Il Modernismo, quell’insieme di teorie che stravolsero l’estetica dell’architettura, del design dell’arredamento e degli oggetti di uso comune nei primi decenni del secolo scorso, conobbe in Europa la sua fase più significativa. Prendendo piede prima in Germania (dove ebbe origine la nota Bauhaus) e poi in Francia, in questo paese si concretizzò per l’iniziativa di Charles-Edouard Jeanneret (detto Le Corbusier) che fondò nel 1930 l’ “Union des Artistes Modernes”. In questo cenacolo si radunarono personalità di spicco in vari ambiti della crezione artistica (architetti, arredatori, decoratori, gioiellieri, ebanisti, ecc.), tutti accomunati dalla volontà di aderire ad un progetto stimolante: la creazione di oggetti la cui estetica fosse direttamente dipendente dalla loro funzione.

Fu nel 1929 in realtà la prima volta in cui il pubblico venne raggiunto da queste nuove idee, precisamente al Salon d’Automne di Parigi: nell’evento che tuttora permette di conoscere le più importanti realtà artistiche nel mondo, vennero esposti in quella data, fra la costernazione del pubblico, mobili concepiti e realizzati secondo idee assolutamente innovative, per l’iniziativa di Le Corbusier, Pierre Jeanneret e di una giovanissima Charlotte Perriand.

Il senso del nuovo criterio di progettazione andava verso un’esaltazione dell’utilità intrinseca del mobile, scegliendo coscientemente di sorvolare sulla decorazione e l’abbellimento posticcio.
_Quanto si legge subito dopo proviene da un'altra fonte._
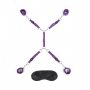 Lux Fetish Фиолетовый набор фиксаций на кровати Classic Bedspreader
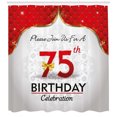 thumbnail image 3 of Ambesonne Floral Shower Curtain, Royal Birthday Party, 69"Wx84"L, Multicolor, 3 of 3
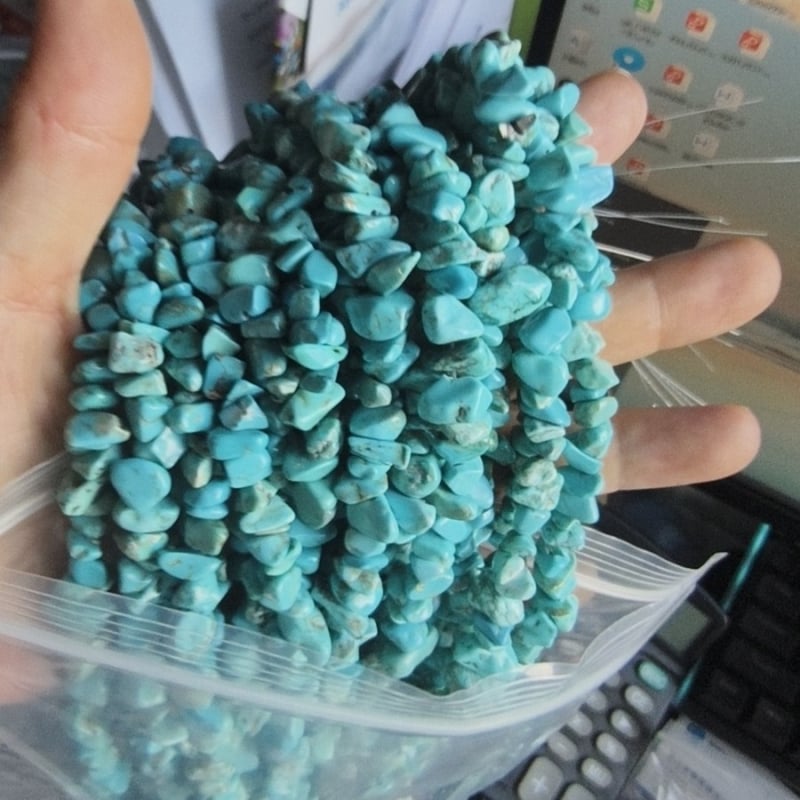 Perle din piatră naturală de 5×8 mm cu găuri, mărgele asimetrice libere, semi-finite lucrate manual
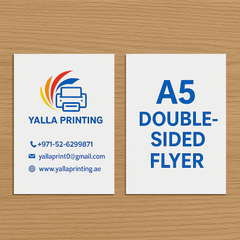 منشورات بحجم A5 على الوجهين – مطبوعات ملونة عالية الجودة | Yalla Printing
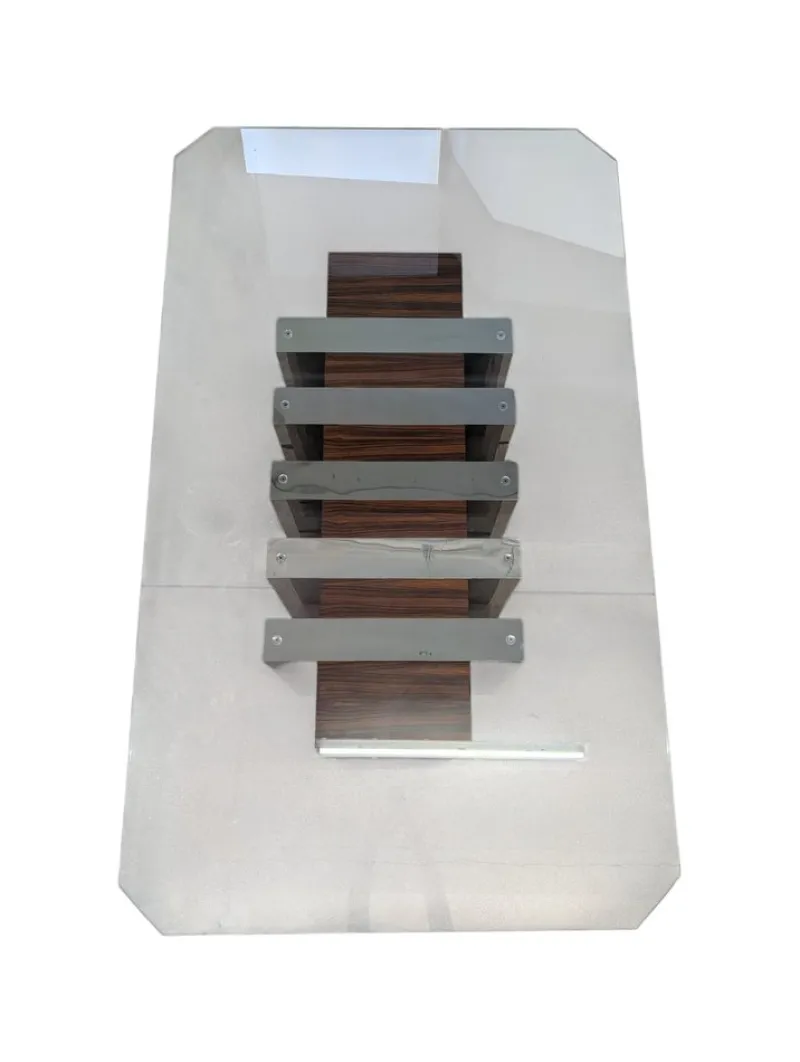 Best Pamono Vintage Dining Table in Glass, 1970s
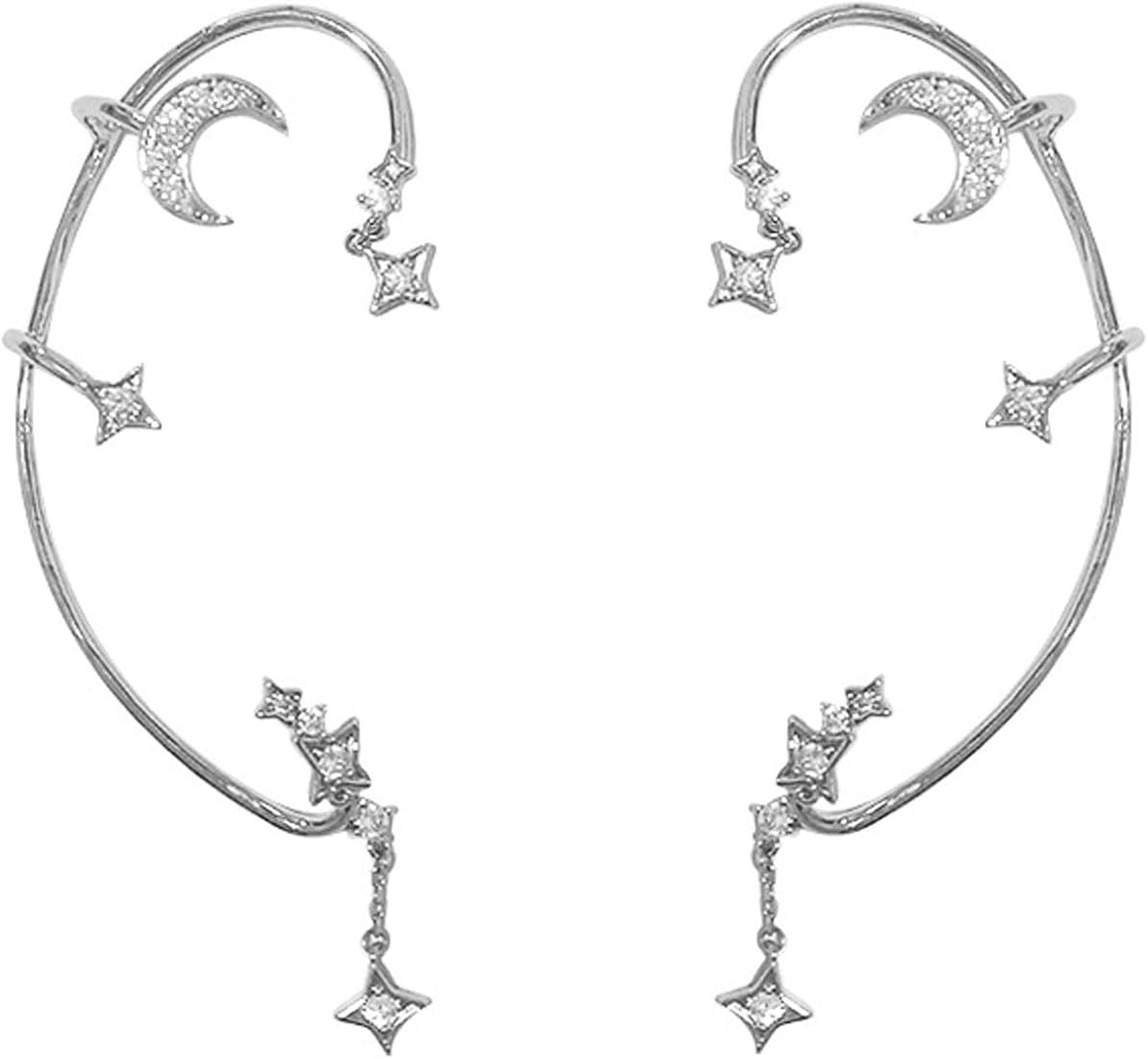 1 Pair Zircon Butterfly Earrings For Women Rhinestone Non Pierced Ear Crawler Clips Butterfly Cuf... | Amazon (US)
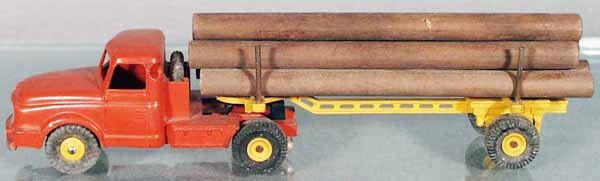 031: DINKY 36A WILLEME LOG TRUCK: mildew on tires, C6.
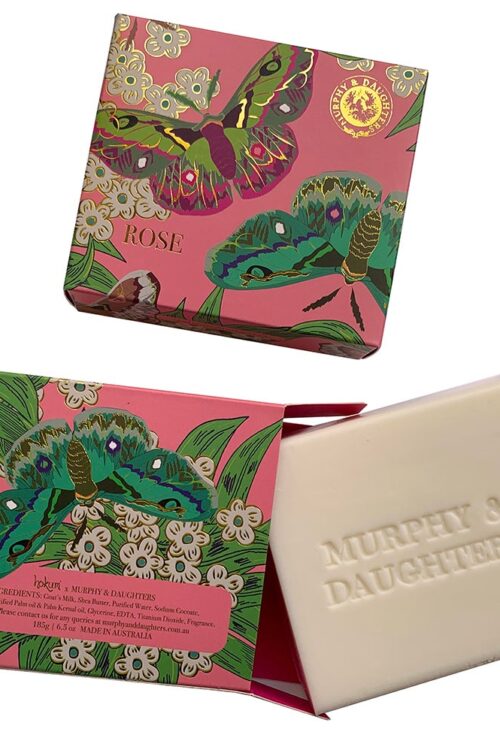 Murphy & Daughers Rectangular Boxed Soap – Rose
Scopo basilare era essenzialmente quello di creare strumenti adatti ad essere inseriti negli spazi costruiti per l’uomo moderno.

Venne introdotto per la prima volta il binomio forma-funzione: in tal modo l’oggetto, spogliato dell’ornamento, recuperava la propria natura nell’armonia della nuova forma, semplice ed essenziale.
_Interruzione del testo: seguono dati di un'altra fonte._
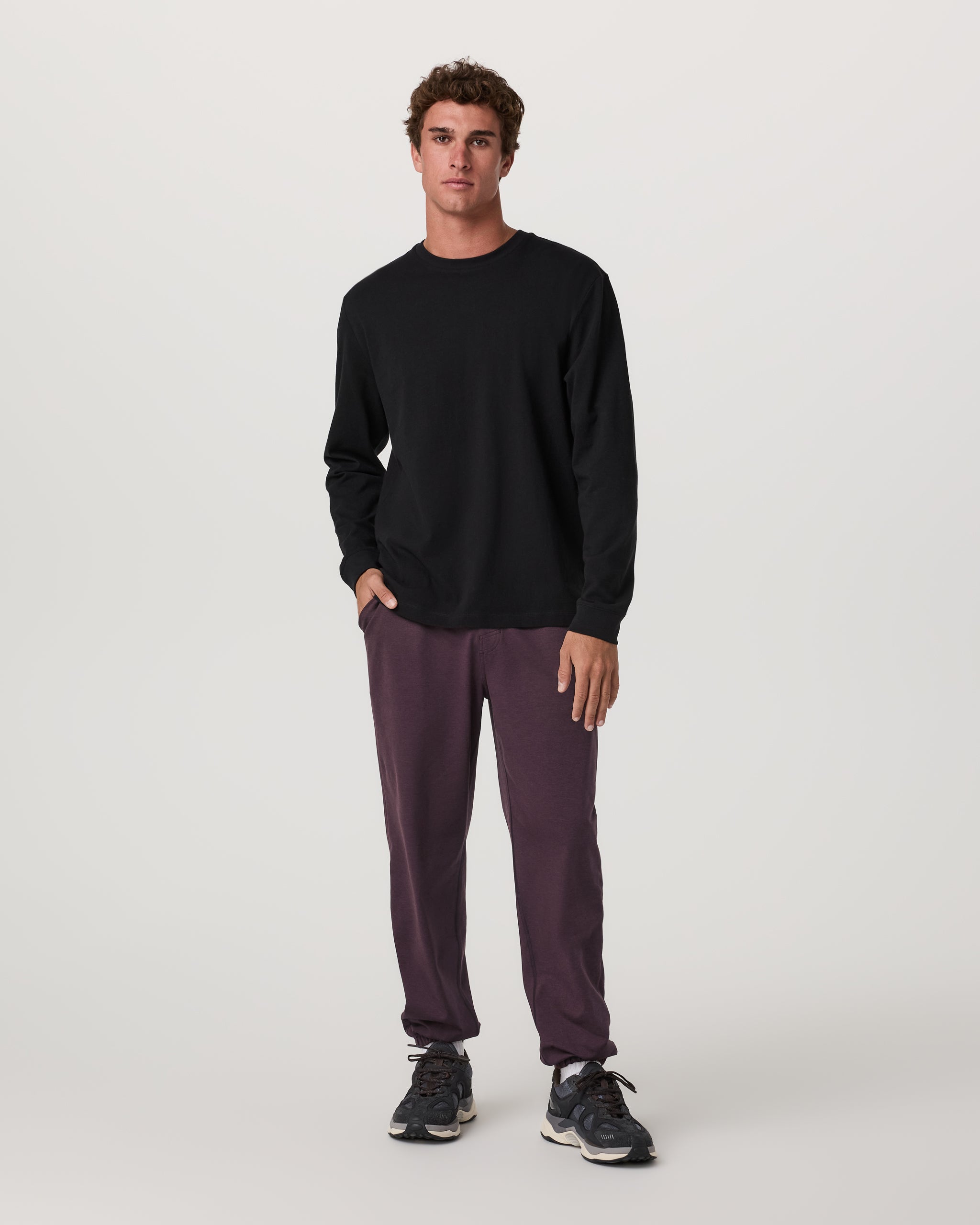 Coronado Sweatpant - Long | Raisin Heather - Image 4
Se si considera il periodo in cui queste idee furono presentate al pubblico, non si può non apprezzare l’entusiasmo e il grande spirito di invenzione di questi pionieri del design. Essi ruscirono a concepire, proprio in quegli anni, alcune forme e soluzioni che sono, tutt’oggi, fra le più sfruttate nell’arredo moderno più rigoroso. Fra gli altri, ci sono complementi che siamo abituati a vedere tutti i giorni, ma di cui non conosciamo la nobile origine.

Il cassetto-contenitore a muro Riflesso, ad esempio, creato nel 1939 da Charlotte Perriand: dall’aspetto essenziale e sobrio, la sua apertura è costituita da due lastre di alluminio sovrapposte che possono scorrere l’una sull’altra. Dell’oggetto è proprio questo l’elemento che spicca di più e che ne delinea l’indiscutibile stile, minimalista e senza compiacimenti.

Un’altra novità furono i nuovi materiali utilizzati (come l’acciaio), che diventarono in breve un elemento fondamentale, per esempio, per le sedute: i componenti base si organizzarono intorno ad un’anima di tubo metallico, che divenne un sorta di “gabbia di contenimento” o “sistema di appoggio” per gli elementi inseriti (cuscini o strisce di cuoio sfilabili dai montanti). E’ questa la logica che sta alla base di alcuni articoli d’arredo conosciutissimi, come la “siège tournant”, (B 302, creata dal trio sopra menzionato, del 1928) in cui, per la prima volta, la seduta si appoggia alle gambe attraverso l’ausilio di un fulcro, che le permette di ruotare a 360°.

La praticità di utilizzo sta alla base di un altro oggetto-icona del movimento, attribuito a Robert Mallet-Stevens, architetto di fama consolidata che si unì a sua volta all’ “Union des Artistes Modernes”: completamente formata da tubi di acciaio, semplice e lineare, si tratta di una sedia impilabile, che, per questa sua caratteristica assolutamente inusitata, pare essere già pensata per la produzione economica in serie (nella foto la riedizione di Ecart International).